Executions, torture of prisoners, forcible removal of children, obstruction of evacuation, shelling of civilians, hospitals, and infrastructure... During the 15 months of the war, the army of the Russian Federation committed almost all types of crimes mentioned in the Geneva Conventions. The General Prosecutor’s Office of Ukraine has opened more than 80,000 proceedings related to war crimes. Ukraine demands the creation of a special tribunal for the crime of aggression, which it calls ‘the mother of all crimes. But what crime is Russia actually committing? What exactly is it trying to destroy, persecuting volunteers, representatives of local self-government, and everyone who does not agree to the occupation? The purpose of this conversation is not to establish the legal qualification of crimes that are prescribed in international conventions but to understand the nature of the great war of the 21st century.

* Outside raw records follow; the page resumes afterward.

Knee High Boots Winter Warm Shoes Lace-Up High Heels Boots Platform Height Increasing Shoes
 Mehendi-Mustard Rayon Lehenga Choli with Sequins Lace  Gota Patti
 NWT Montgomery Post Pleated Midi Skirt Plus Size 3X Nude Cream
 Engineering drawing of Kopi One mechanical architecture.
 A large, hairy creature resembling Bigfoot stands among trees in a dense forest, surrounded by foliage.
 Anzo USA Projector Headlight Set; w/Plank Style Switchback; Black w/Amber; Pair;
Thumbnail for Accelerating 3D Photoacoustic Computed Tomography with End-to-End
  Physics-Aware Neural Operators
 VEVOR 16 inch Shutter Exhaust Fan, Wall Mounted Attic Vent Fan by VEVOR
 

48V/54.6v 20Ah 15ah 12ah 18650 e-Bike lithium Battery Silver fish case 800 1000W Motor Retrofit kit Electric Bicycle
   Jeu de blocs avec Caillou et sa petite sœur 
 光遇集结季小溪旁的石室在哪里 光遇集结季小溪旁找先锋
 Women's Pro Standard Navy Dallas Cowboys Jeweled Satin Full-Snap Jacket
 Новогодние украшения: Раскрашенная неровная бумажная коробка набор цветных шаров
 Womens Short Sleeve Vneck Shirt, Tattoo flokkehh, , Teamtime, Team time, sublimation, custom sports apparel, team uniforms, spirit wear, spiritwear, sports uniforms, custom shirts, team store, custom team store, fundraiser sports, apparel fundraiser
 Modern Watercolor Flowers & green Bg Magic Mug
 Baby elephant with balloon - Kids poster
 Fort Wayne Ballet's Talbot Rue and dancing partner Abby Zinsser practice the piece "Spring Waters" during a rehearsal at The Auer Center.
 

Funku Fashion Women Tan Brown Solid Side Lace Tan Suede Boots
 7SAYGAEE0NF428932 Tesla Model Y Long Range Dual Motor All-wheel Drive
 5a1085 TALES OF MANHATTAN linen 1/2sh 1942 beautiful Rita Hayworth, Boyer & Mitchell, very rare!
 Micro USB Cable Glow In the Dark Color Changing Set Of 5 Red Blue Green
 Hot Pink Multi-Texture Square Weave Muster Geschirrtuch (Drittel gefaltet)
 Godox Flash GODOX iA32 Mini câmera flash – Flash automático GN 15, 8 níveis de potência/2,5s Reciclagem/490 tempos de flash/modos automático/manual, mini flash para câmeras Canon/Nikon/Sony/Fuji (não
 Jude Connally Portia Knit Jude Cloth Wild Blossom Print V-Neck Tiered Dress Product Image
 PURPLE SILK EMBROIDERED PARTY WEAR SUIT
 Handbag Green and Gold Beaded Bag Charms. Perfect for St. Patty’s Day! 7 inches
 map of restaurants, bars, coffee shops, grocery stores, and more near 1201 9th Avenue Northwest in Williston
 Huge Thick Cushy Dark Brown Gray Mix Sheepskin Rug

The International Book Arsenal Festival, an annual project of the Mystetskyi Arsenal, is an intellectual event in Ukraine where the publishing, literary and artistic scenes develop and interact with each other, and important issues of human existence, as well as society and culture are raised, prompting the proactive position of the participants and visitors.
In 2022, the festival was cancelled due to Russia's full-scale invasion of Ukraine. The dates of the Book Arsenal, traditionally in May, were marked by a public conversation "Our Great Migration" which reflected a new dimension of the focus theme of the festival.
Book Arsenal will be held in 2023 amidst the full-scale Russo-Ukrainian war, and will focus on the transformation of the country, values and meanings of democracy that Ukrainians are fighting – and dying – for.